Wir fühlen uns in der Geschichte der Kirche nicht wohl, das gilt auch für die vielen Kirchbauten, leicht angestaubt, mit Dingen die wir heute nicht mehr aufstellen oder aufbauen würden, in Italien noch mehr als in Deutschland. Wir fühlen uns aber auch in der Tradition nicht wohl, sehr viel wird einfach abgelehnt. Als ob wir heute die bislang beste Form des Christentums leben würden. Da lobe ich mir die Uneindeutigkeit und den Charakter des Gewachsenen.
Das muss dann aber auch ganz gelten. Die Realität ist ebenso uneindeutig, nicht schwarz oder weiß. Auch hier gibt es unaufgebbare Widersprüche. Wenn die in der Kirche Platz haben und das Nebeneinander nicht nur für Kerzen und barocke Altäre gilt, dann glaube ich kommen wir weiter. Die Ästhetik alleine wird uns jedenfalls nicht weiter bringen.
Aus dem Text auf katholisch.de entnommen: “Einbruch des Geschmacklosen, der Gefühligkeit” würde ja heißen, Liebe hätte keinen Platz im Leben, doch sie spielt die ganze Klaviatur der Gefühligkeit ohne auch nur einen Hauch von Wissen um ihre eigene Abstammung Preis zu geben.
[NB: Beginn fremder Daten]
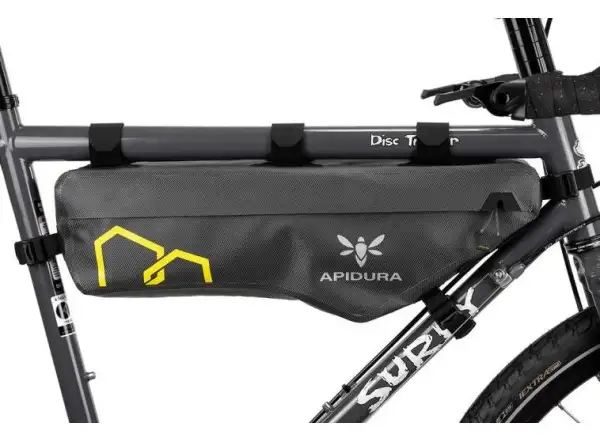 Apidura Expedition compact frame pack 4,5 l frame bag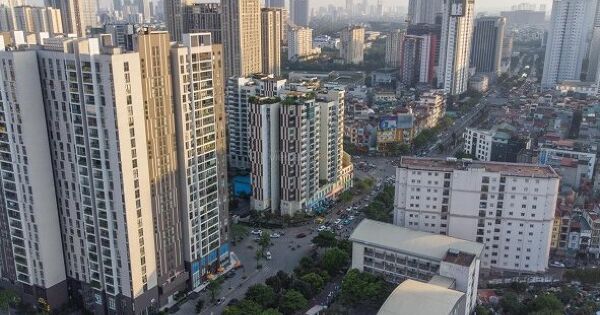 Giá chung cư Hà Nội dự báo hạ nhiệt nhờ lý do này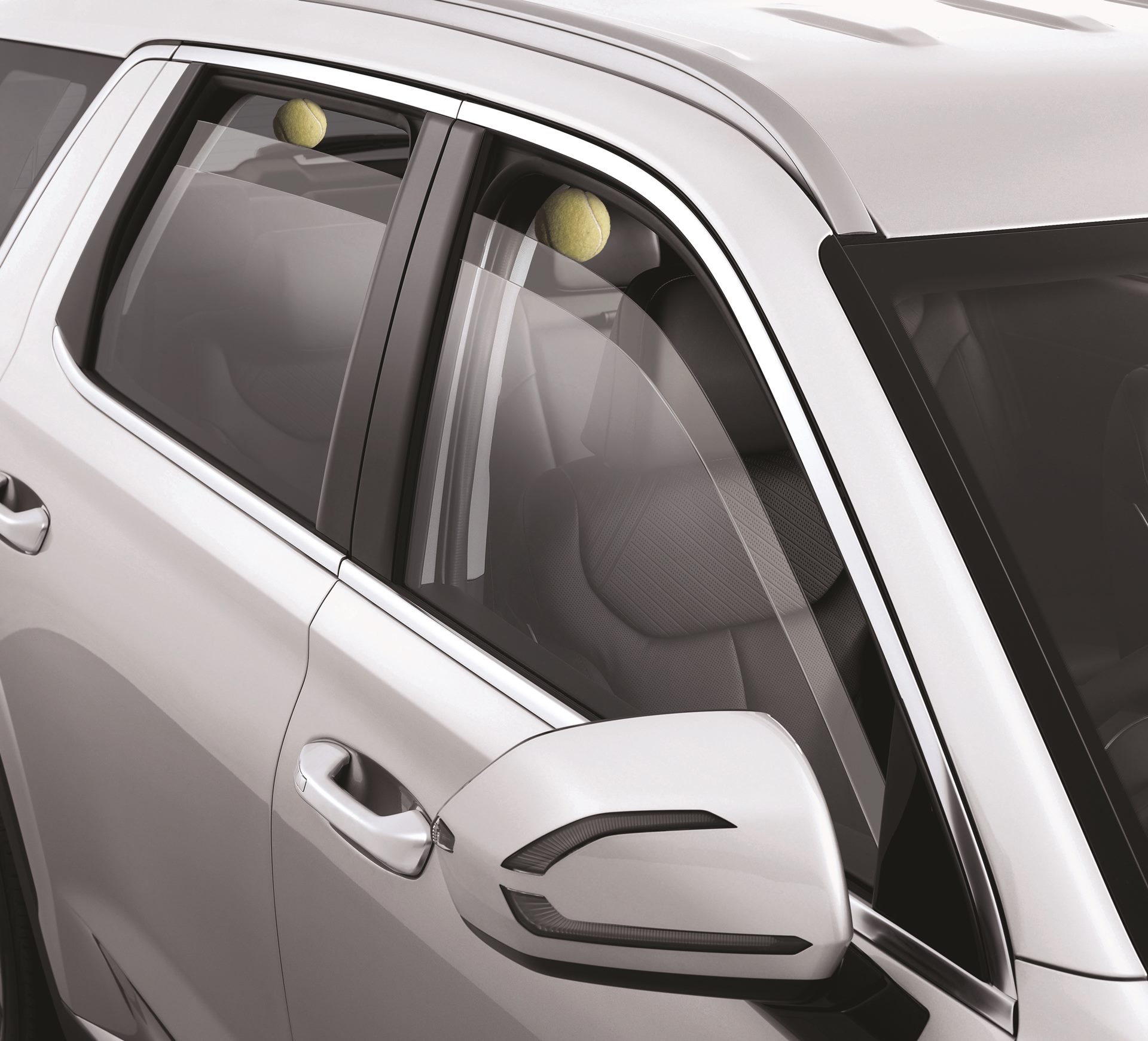 Hyundai Palisade Exclusive 2WD ฮุนได ปี 2024 : ภาพที่ 5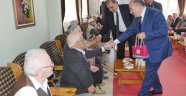 Bayram gününde Büyükşehir işbaşında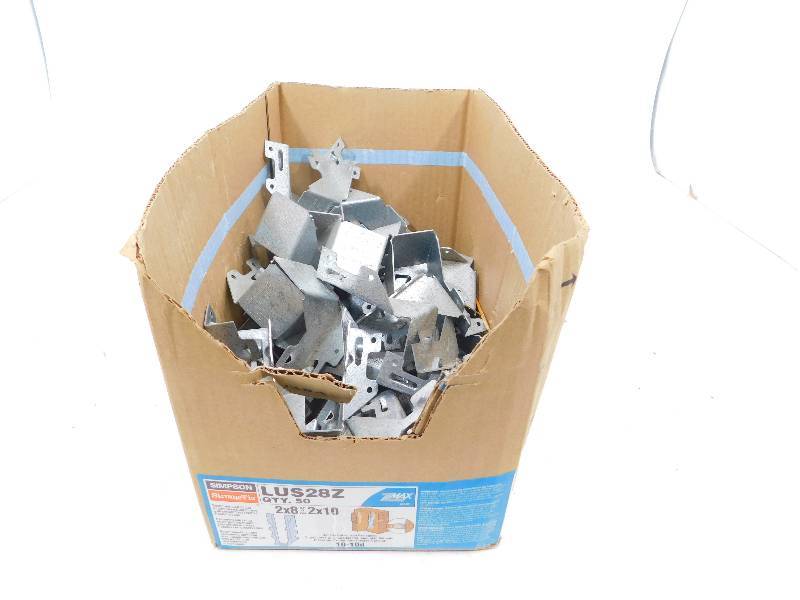 Simpson Strong-Tie Fasteners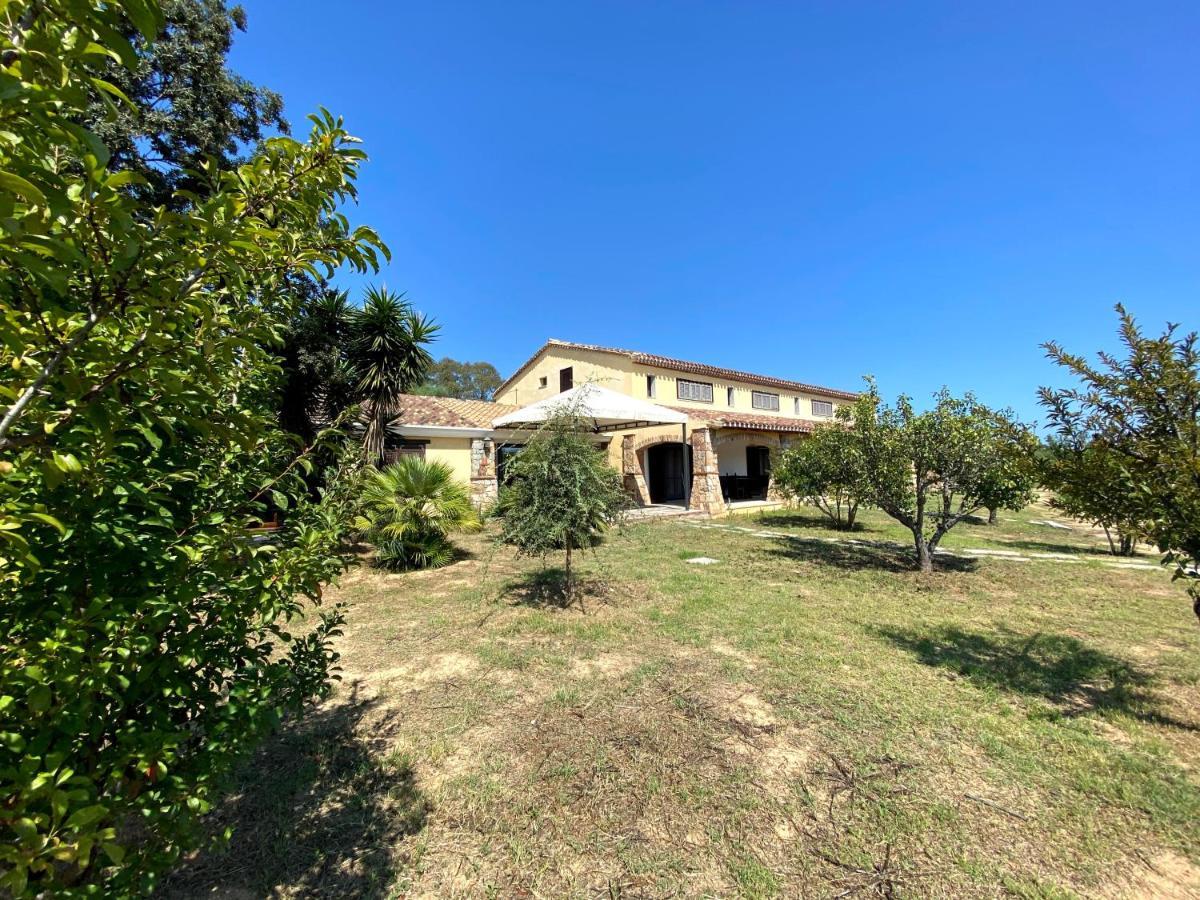 Villa Silvana Tortolì Exterior foto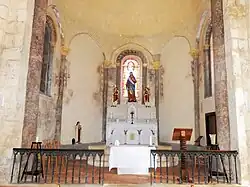Le chœur.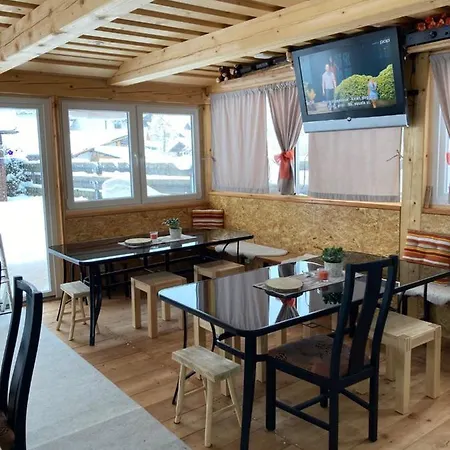 Aparthotel Pr' Jakapc'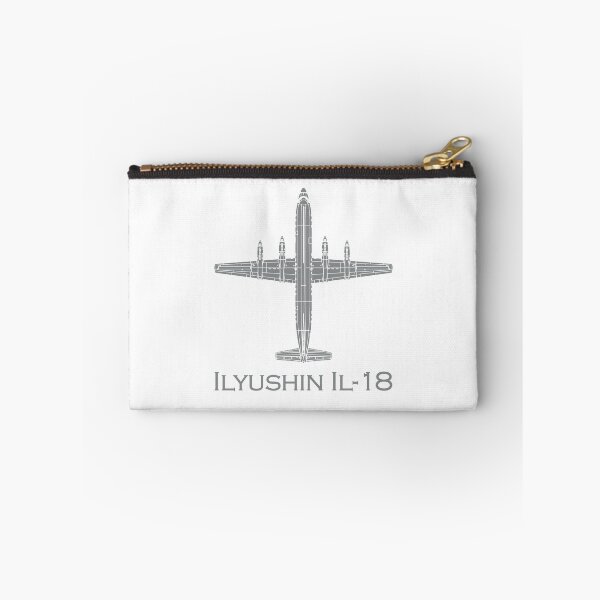 Item preview, Ilyushin Il-18 Model Design designed and sold by avionbubble.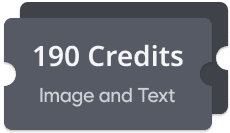 Add 190 Credits
(approx. 10 stories)image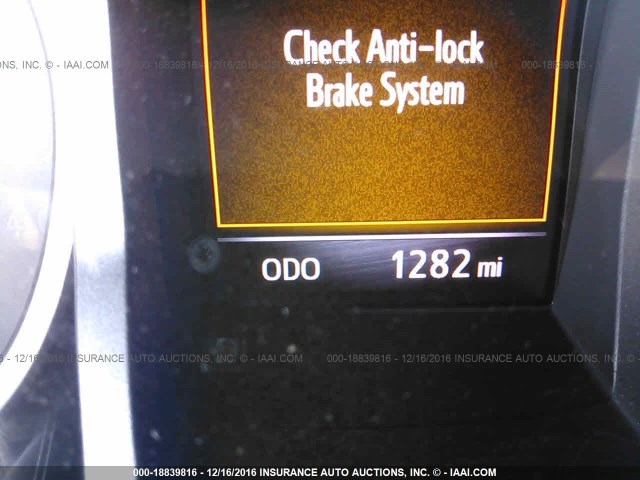 3TMDZ5BN7HM016203 - 2017 TOYOTA TACOMA DOUBLE CAB/SR5/TRD SPORT/ BLACK photo 7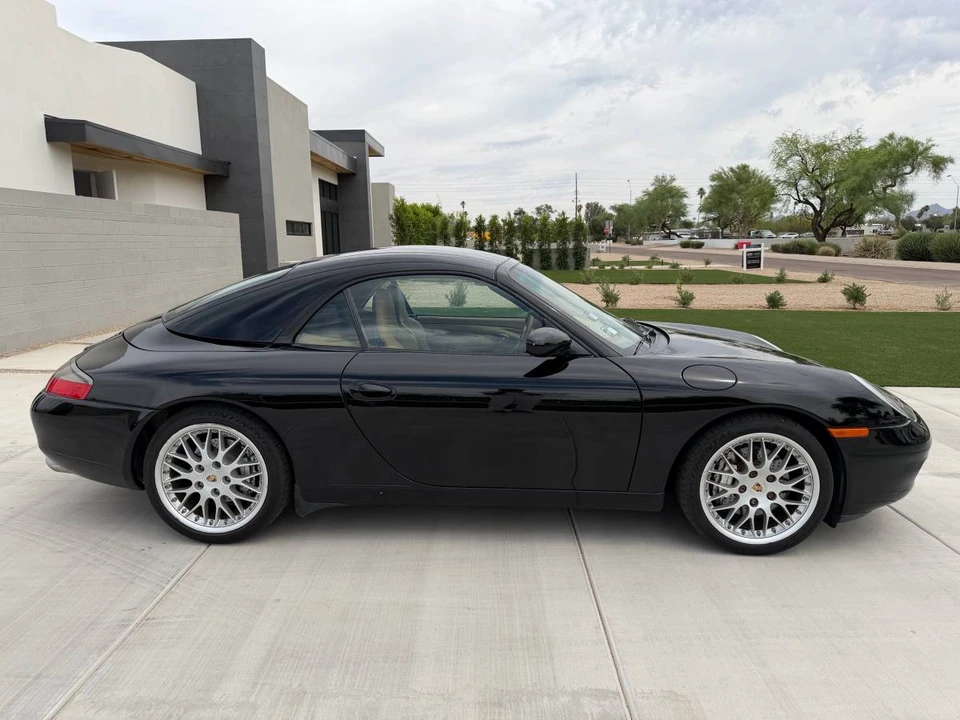 1999 Porsche 996 Carrera 4 - Image 17 of 24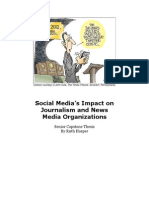 Social Media's Impact on Journalism and News Media Organizations_RAH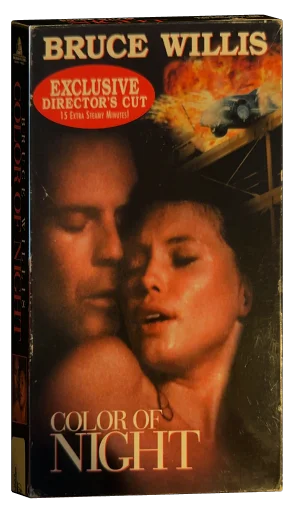 Color of Night (1994)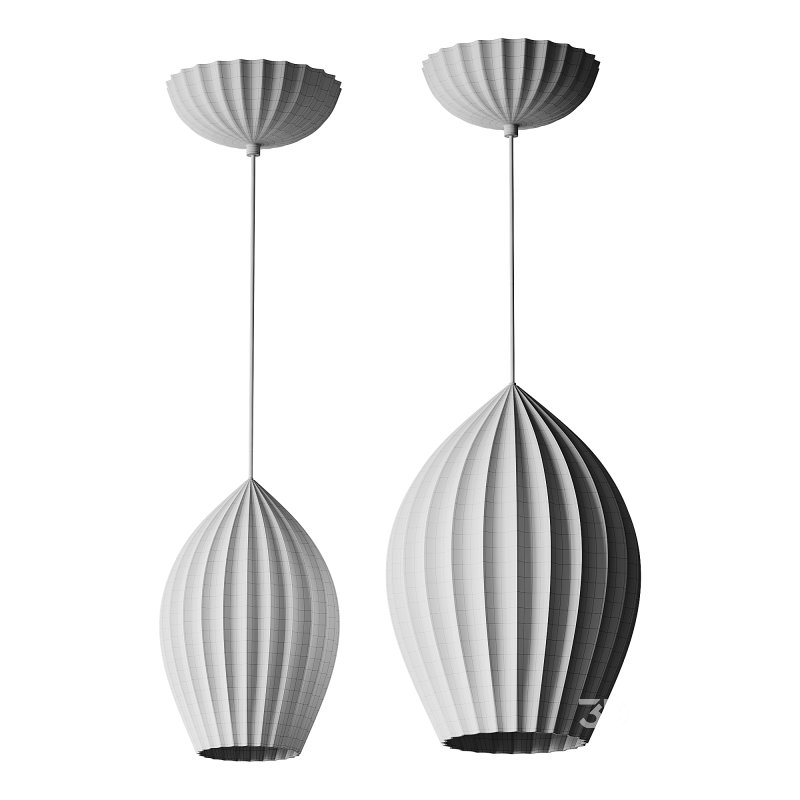 Fin Suspension light Image 9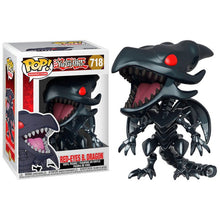 Funko POP! Animation Yu-Gi-Oh! Red-Eyes B. Dragon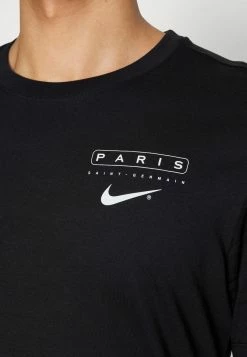 Nike Performance PARIS ST GERMAIN TEE - Club Wear - Black 9 Nike Performance PARIS ST GERMAIN TEE - Club Wear - Black -Nike Performance store 96d037c0bf764907bea9d66503d5e66c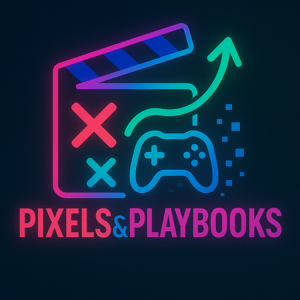 Pixels & Playbooks
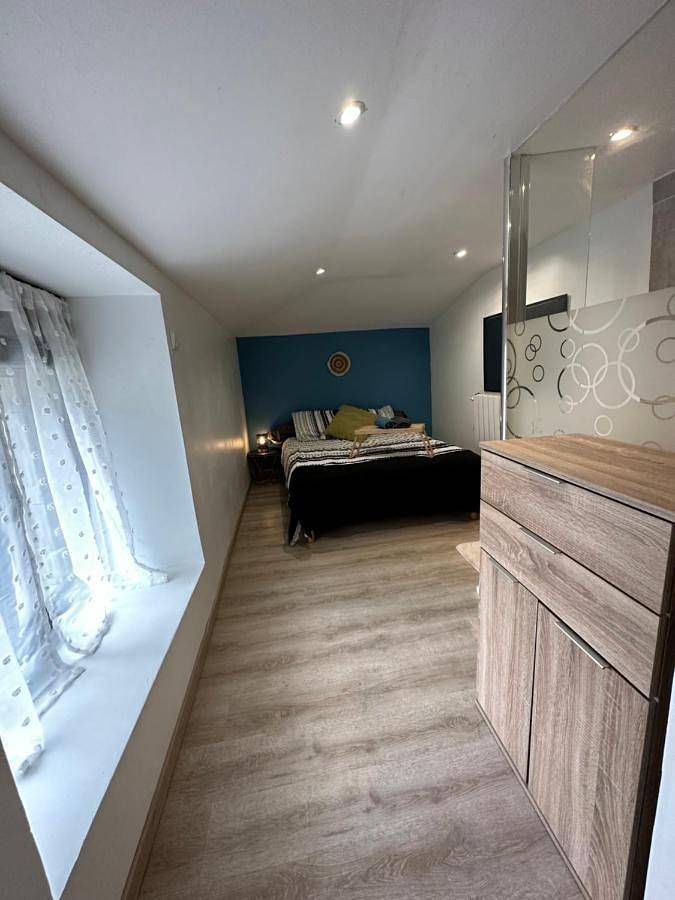 Appartement entier, One-Bedroom Apartment in Le Fief-Sauvin, Montrevault-sur-Èvre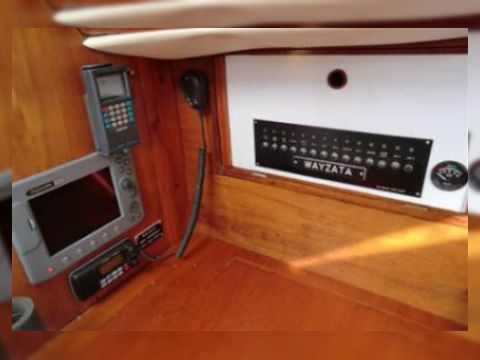 1973 Nicholson 32 for sale
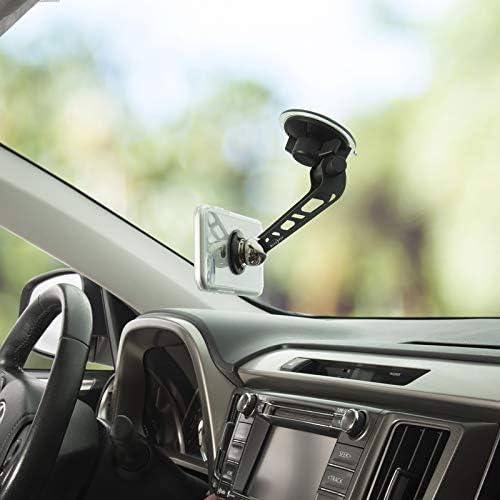 Miniatura 9 de Nite Ize - Soporte magnético de automóvil para celulares inteligentes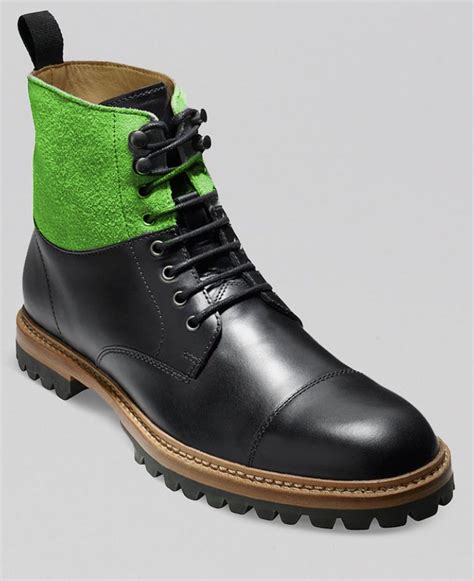 Designer Steel Toe Boots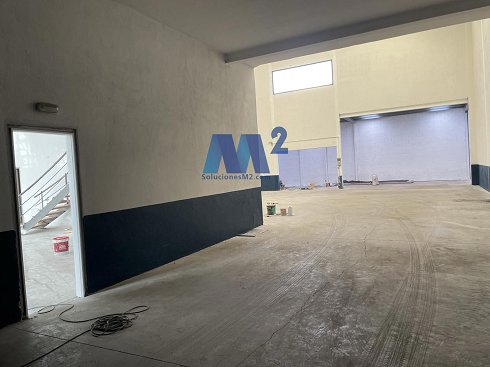 Fotograf�a de Nave industrial en alquiler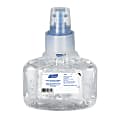 Purell® LTX Advanced Green Certified Gel Instant Hand Sanitizer, 700 mL 1 thumbnail image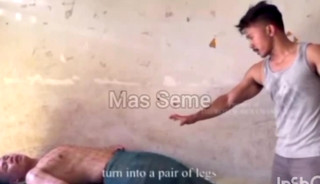 Gay lokal indonesia (short)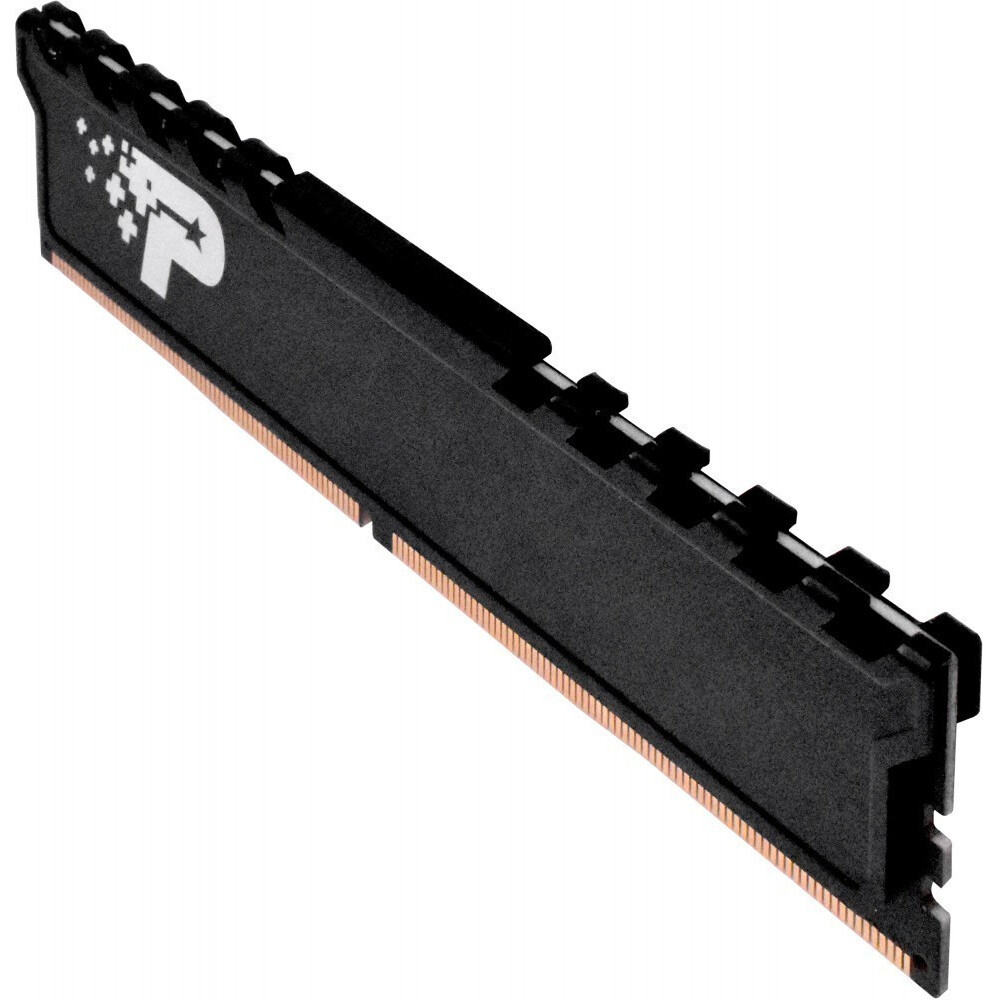 Оперативная память Patriot Signature Premium Line DDR4 2666MHz, PSP48G266681H1, 8 Гб детальное изображение - 3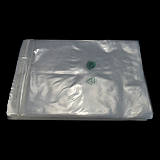 定做PE胶袋 手提服装袋批发 PE透明包装袋塑料 五金包装袋厂家;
Trägt nicht die Liebe im Erbe, was unverfälscht noch heute lebt, um sich ihrem Wort zu entnehmen, dass sie selbst hervorgerufen hat. Ohne zu wissen was Gott bringen wird hat sich Bewusstsein in seiner ganzen Liebe zu ihm ausgesprochen, um sich gemeinsam mit ihm darüber zu informieren, wie der Weg in ein Leben aus ewiger Liebe gelingen kann. Unversehrt und rein ist sie angekommen, die Liebe, an dem Ort, an dem sie zu Hause ist und den sie mit all denen teilen kann, die aus Einheit im Glauben an Gott ihre Stimme erhoben haben, um durch sie Jesus Christus als Mensch aus Liebe zu formen, der Ihren Stammbaum begründet und durch die Auferstehung im Herrn verewigt hat.